Mesbûkun yetiştiği namazın ilk bölümü kendisi için namazın başlangıcı sayılır. Buna göre, sabah namazının ikinci rekâtında ku-nutu imamla birlikte okusa bile, yalnız başına kılacağı ikinci rekât­ta (kunutu mahallinde) tekrar okur. Akşam namazının son rekâtında imama kavuşan kimse yalnız başına kılacağı ikinci rekâtta

te­şehhüdü tekrar okur. İmam rükûda iken ona iktida etmişse, bir rekâta kavuşmuş sayılır. Ben diyorum ki; imam rükûda iken ona ye­tişenin bir rekâtının geçerli sayüabilmesi için imam rükûun en az haddinden kalkmadan ona yetiştiğine kalben inanmış olması şarttır. Allah daha iyi bilir.

Mesbûk kafi gelecek kadar rükûda imamla birlikte kal­madığından şüphe ederse, en zahir kavle göre bu rekâtı geçerli sayıl­maz. Rükûda imama yetişen mesbûk, önce iftitah için sonra rükû için tekbir alır. Şayet her ikisine birden niyet ederek bir tekbir alır­sa, en sahih kavle göre namazı gerçekleşmiş olmaz. Zayıf kavle göre bu namaz nafile olarak gerçekleşir. Eğer tekbiri alırken hiçbir şeye niyet etmemiş ise, en sahih kavle göre namazı gerçekleşmiş olmaz. İtidalde veya itidalden sonra imama kavuşacak olursa, tekbir alır ve imama uyarak intikalde bulunur. En sahih kavle göre teşehhüt ve tesbihatta imama uyar.

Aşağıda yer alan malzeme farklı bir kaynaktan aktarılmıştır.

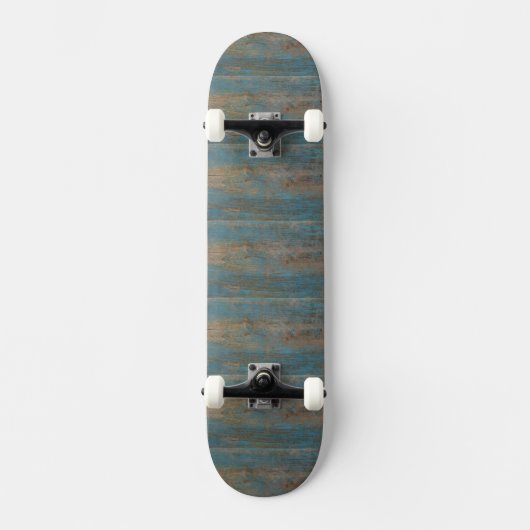 Skateboard Blue Beach Wood Texture (Recto)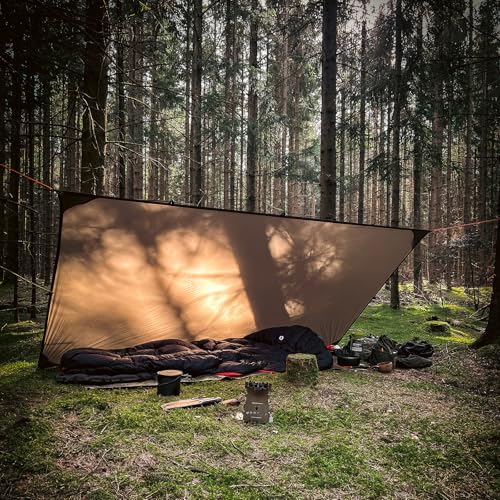 Onewind Ultralight Shelter and Footprint, Lightweight Poncho Shelter with 4000mm WaterproofTent Footprint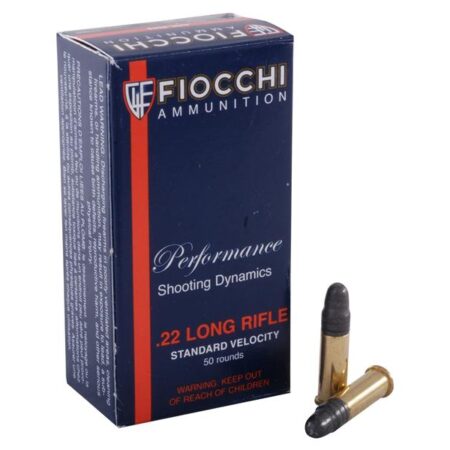 Fiocchi Shooting Dynamics .22 Long Rifle 40 Gr. Lead Round Nose- Box of 500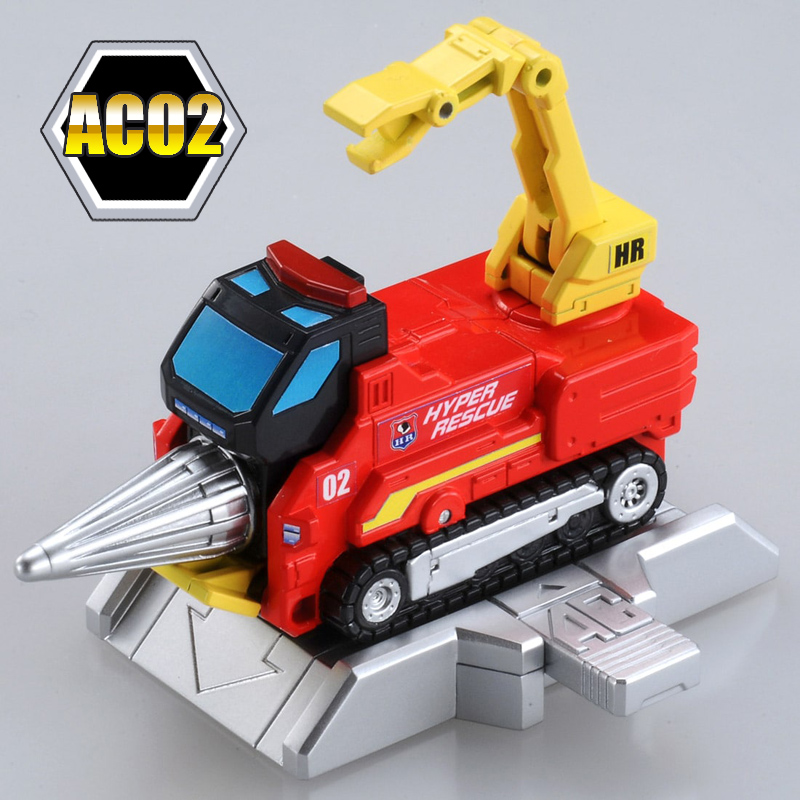 TOMY Domeca super rescue series AC02 car model boy toy excavator deformable car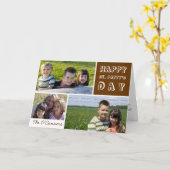 Carte Saint Patricks Day Photo Collage Shamrock vert (Fleur jaune)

Mesbûk secdede imama kavuşacak olursa, secdeye intikal için tekbir almaz. Sadece iftitah tekbiri alır. İmam selâm verince tekbir alarak ayağa kalkar. Bu tekbiri alması için oturuşun mesbûk için oturuş mahalli olması lazımdır. Üç veya dört rekâtlı namazların ikinci rekâtlarında oturmak gibi. Mesbûkun oturuşu, birinci rekât­tan sonraki oturuş gibi oturma mahalli değilse, en sahih kavle göre ayağa kalkarken tekbir almaz.

 

G. YOLCU NAMAZI

 

Mubah ve uzun yolculukta dört rekâtlı namazları kısaltarak eda etmek caizdir. Evde geçirilen namazlar yolculukta kısaltılarak kaza edilemez. Bir kimse yolculukta geçirdiği namazları en zahir kavle göre yolculukta kısaltarak kaza edebilir, ancak mukim halde kısaltarak kaza edemez.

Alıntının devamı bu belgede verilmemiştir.